Custom Models#
The main goal of your plugin is to be able to build and update model instances for your own software. As a reminder, the figure below illustrates the process of model building in HydroMT:
In this section, we will detail the bottom part of the schematic above ie how to initialise your HydroMT Model class for your plugin, the main properties and setup methods and how to work with its model components. The top part of the schematic (data preparation) is taken care of by the core of HydroMT.
Initialisation#
Most of the functionality necessary to initialise models is already taken care of in
Core, therefore if you inherit from the core Model
class you should not have to
implement much or even any of the basic functionalities.
If you wish to provide default behaviour for your users, such as providing default
components that your model will always need, you can do so by overriding the __init__
function on your model like so:
class AwesomeModel:
def __init__(self, ...):
super().__init__(...)
self.add_component("extra_grid", GridComponent)
# extra customisation code here...
Please make sure to call the super().__init__
function before you do anything else to
setup your class so that the base functionality also get’s run properly.
Additional Model properties#
You can have a look at the Model API documentation to find out all other properties of the Model
class and
the other subclasses.
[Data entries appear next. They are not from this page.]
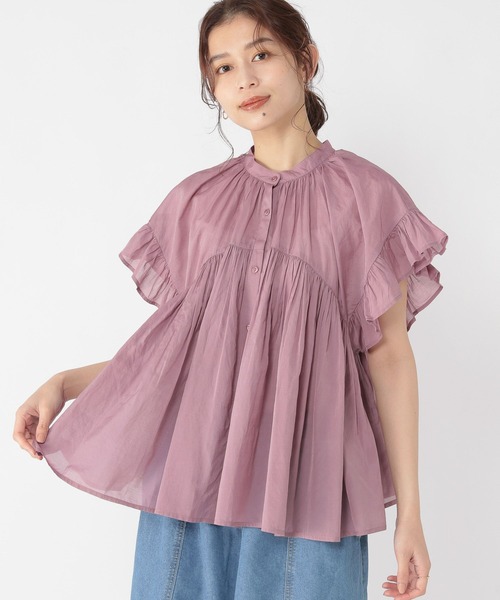 studio CLIP（スタディオクリップ）の「コットンレーヨンボイル袖フリルブラウス（シャツ/ブラウス・レディース・パープル/グリーン/ブラック・FREE）」の17枚目の写真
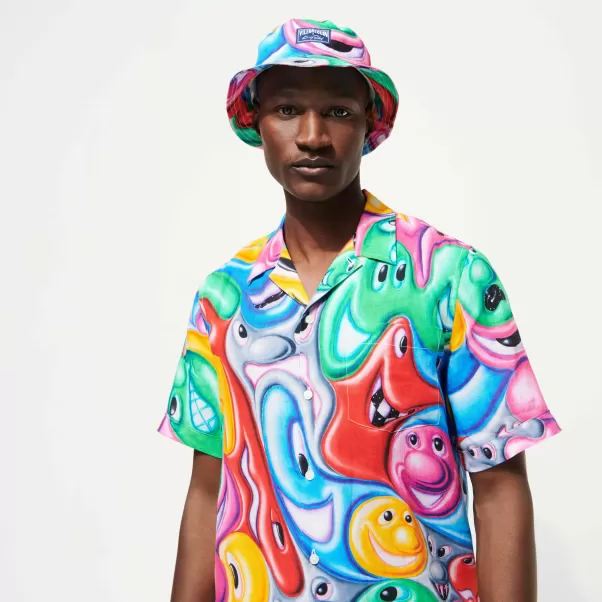 Aktionsrabatt Herren Multicolor / Multi Shirts Faces In Places Bowling-Hemd Aus Leinen Für Herren – Vilebrequin X Kenny Scharf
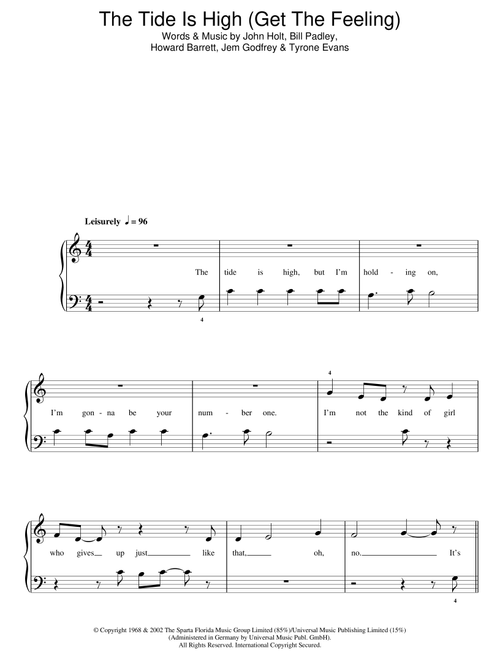 The Tide Is High (Get The Feeling) - Blondie (Easy Piano)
Apart from the components here are a couple of useful properties to use when developing your plugin:
root
: path to the root folder of the model instance you are working with.crs
: the reference coordinate system (pyproj.CRS) of the model.region
: A shortcut to retrieve region data from the designated spacial componentdata_catalog
: the current data catalog you can use to add data to your model.logger
: the HydroMT logger object for your model instance.
Setup basic model objects#
When building a model from scratch, the first thing you should do is take inventory of what your components need. As already mentioned most of the behaviour will be defined in the components, but overarching functionality that doesn’t necessarily belong to a single component such as for example adding perturbations for a sensitivity analysis can still be defined in the Model class itself.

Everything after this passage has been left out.